Василий Иваныч, вместо того чтобы ехать домой, нашел разворот, развернулся и решил помчаться в отель. Помчаться! Как бы не так.

От следующего светофора по направлению к центру вся улица стояла.

– Нет, нереально, – понял он. – Так я доеду туда только к часу ночи.

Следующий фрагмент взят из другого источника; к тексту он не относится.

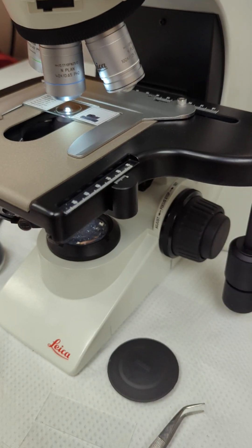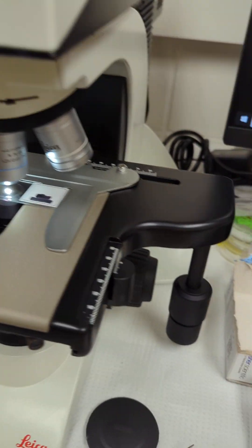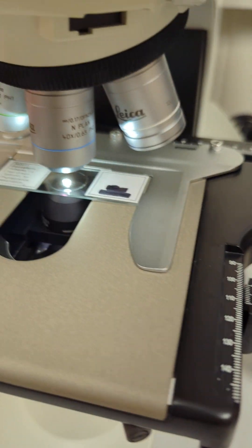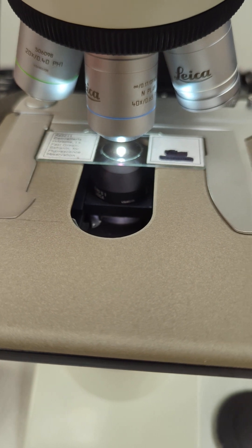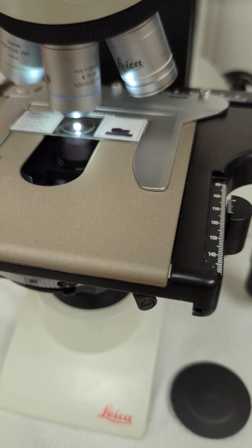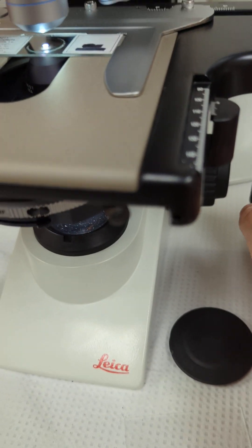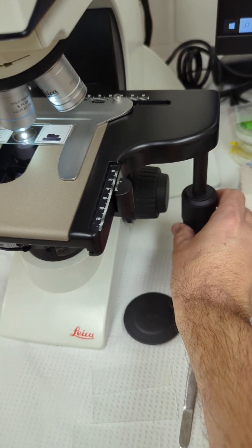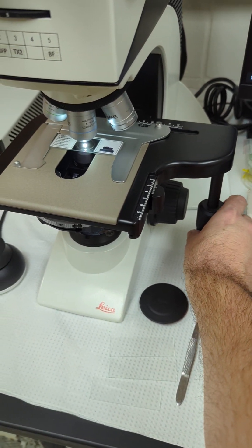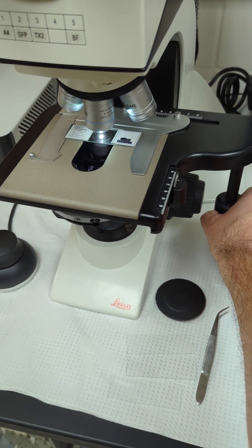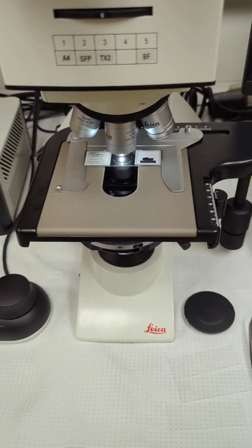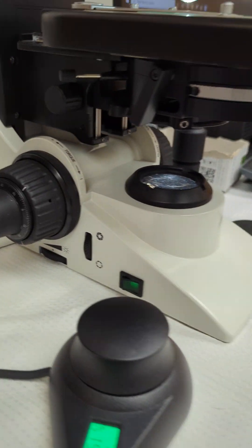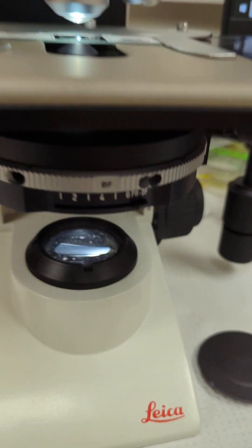You've got your stage finger to load your slides, everybody's pretty aware of that. And then your X and Y for moving your sample back and forth.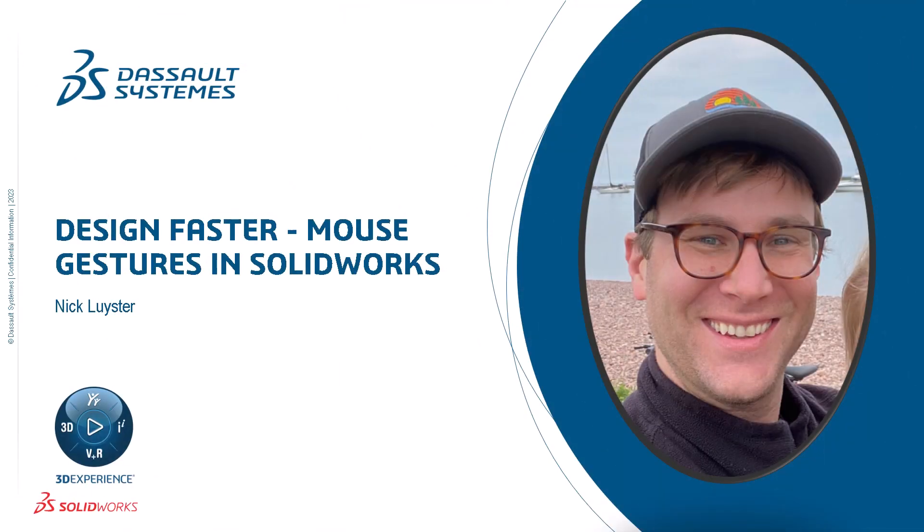I'm Nick Leister from the SOLIDWORKS training team. SOLIDWORKS provides a flexible environment for accessing features, but mouse gestures offer the quickest way to open and switch commands.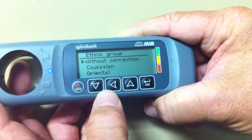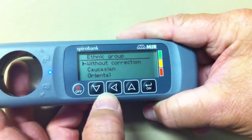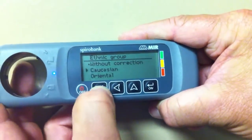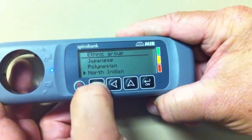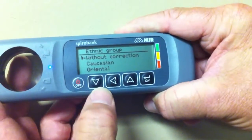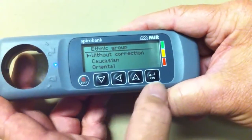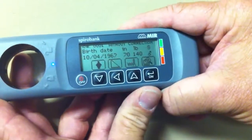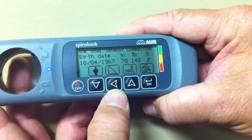Choose the ethnic group of the patient. If the patient is Spanish or Hispanic, you can choose that option — scroll all the way down to the without-correction selection. Hit the on button, then use the ramp button to begin your test.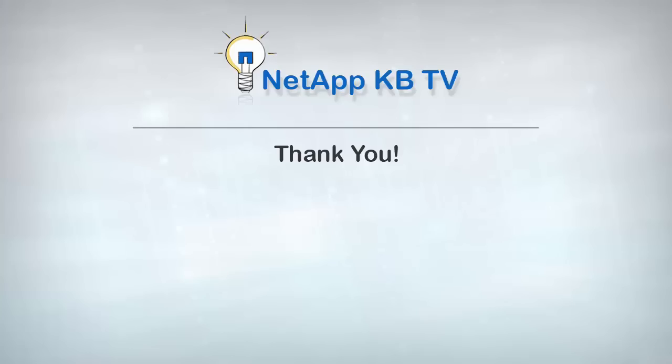We hope you find this video helpful. Please subscribe to NetApp KBTV for more knowledge-based videos. Thanks for watching.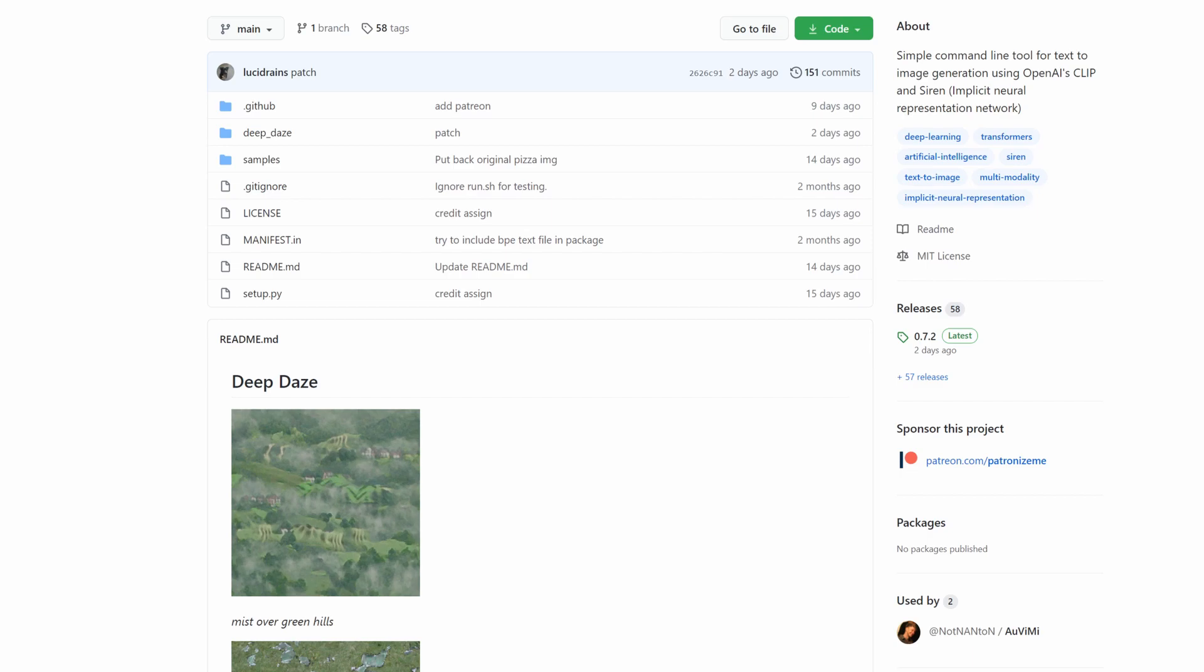Today we are going to be going over DeepDaze, a relatively new open source AI repo that allows one to generate abstract art images given a short phrase.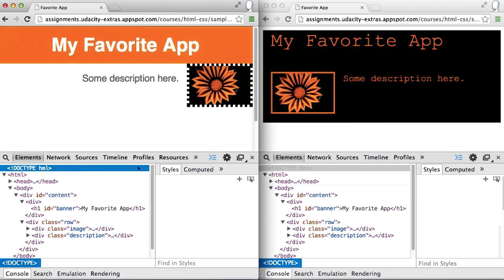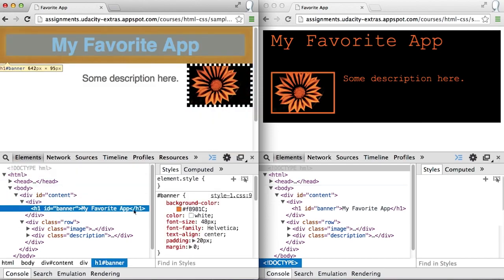For example, if I want to check the font size for h1, I can click on the h1 element and find the font size is 48 pixels.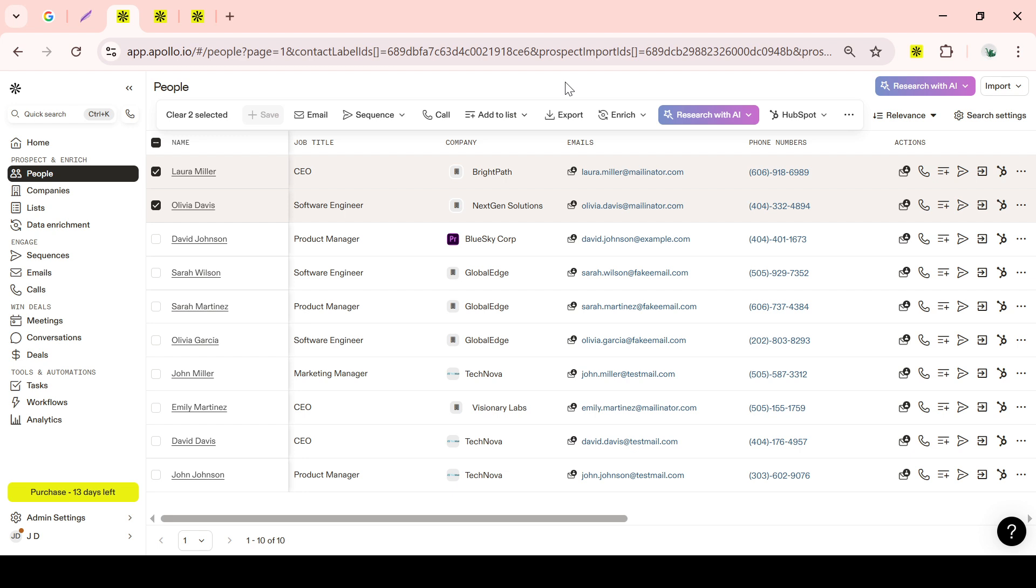Lastly, if you're browsing LinkedIn or exploring company websites, there's an extension to enhance your efficiency. This tool allows you to save leads directly while you're browsing. It's a useful feature that means you can continually update your lists with relevant information, even outside of Apollo.io.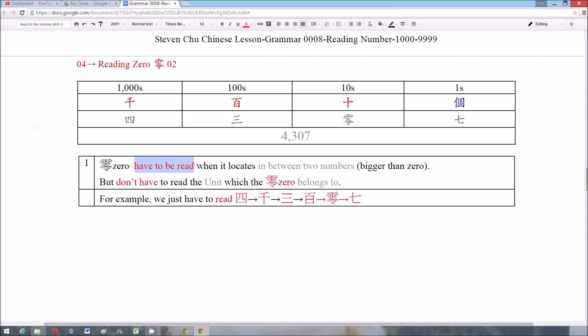Rule 4: We have to read the zero when it is in between two numbers, but we don't have to read the unit it belongs to. Using 四千三百零七 as an example, we have to read the zero because it is in between two numbers, but we don't have to read its unit. So this number is read as 四千三百零七.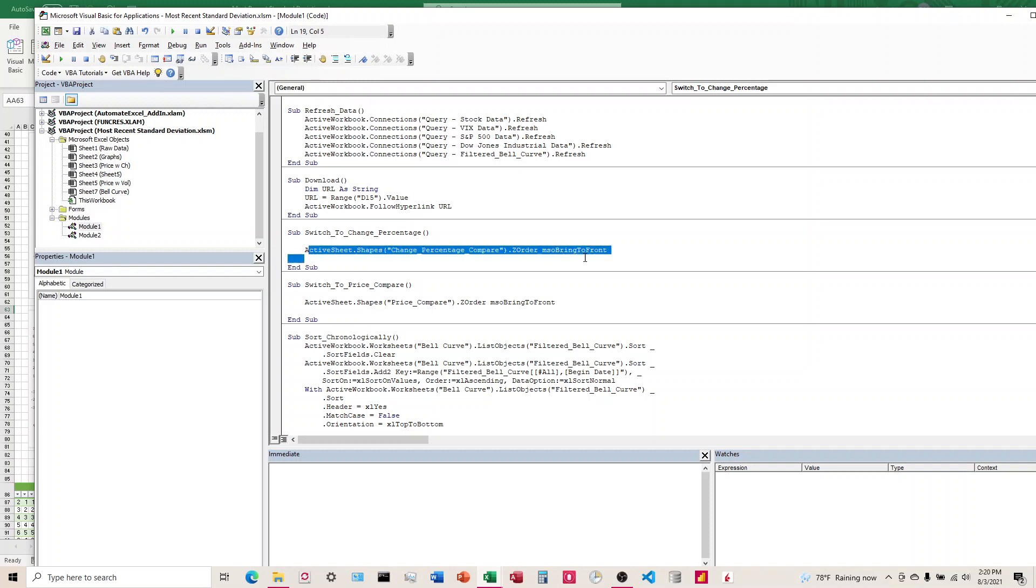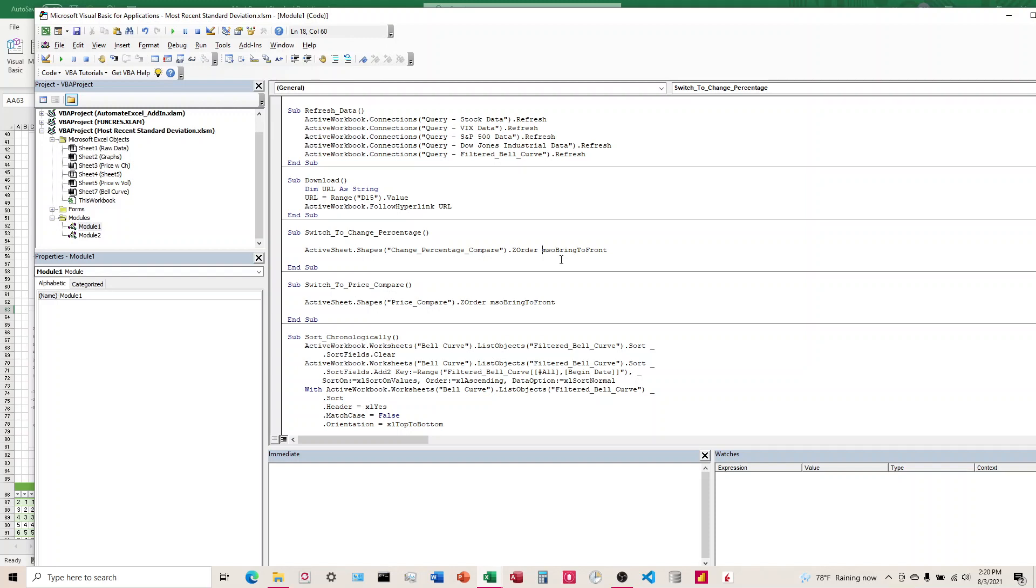And so this is the little code that we need and it's pretty simple here. There's just ActiveSheet.Shapes, put the name of the graph in the parentheses there, and then dot zorder mso bring to front.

Повертев головой, он выудил из бардачка карту и стал искать пути объезда.

Или хотя бы путь выезда.

Затем нашел «Авторадио», прослушал новости и сводку о пробках на дорогах. Ему захотелось бросить машину прямо в ближайшем дворе и отправиться домой на метро – тогда будет хоть какая-то надежда поспеть к своим.

Центр, судя по всему, был запружен наглухо.

Как это он еще спокойно доехал сюда из Сокольников? Ах ну да, он же шел как бы от центра в сторону области. А сейчас все как раз наоборот.

Э-хе-хе!

Василий Иваныч сидел и думал, что скоро в конце концов встанет вся Москва. В тяжелые трассы очень быстро превращались еще год назад вполне свободные улицы. Он знал этот город как свои пять пальцев. И не пересел бы на метро ни за какие коврижки – с его-то водительским стажем!

Но все же ездить по городу становилось все труднее и труднее.

А что летом-то будет твориться?

Вот в таких невеселых мыслях, тормоз-газ, тормоз-газ, Василий Иваныч и провел ближайший час, пока ему не удалось вслед за каким-то лихим мужиком на стареньком БМВ ломануться во дворики и, сделав большой крюк, все же выскочить на объездной путь – плохо заасфальтированную дорогу между гаражами, заводами, заборами.

Покряхтывая на ямках и ухабах, Василий Иванович несся домой на всех парах. Все проблемы он отложил на завтрашний день, – заодно придет экспертиза, вот и станет понятно, в каком таком направлении будет двигаться это странное дело, впервые за десять лет потрясшее небольшую и правильную страну Михаилов: несколько магазинов в лучших местах, лучший менеджмент в бизнесе, лучшая реклама и лучшие кадры – по причине лучшего к этим самым кадрам отношения.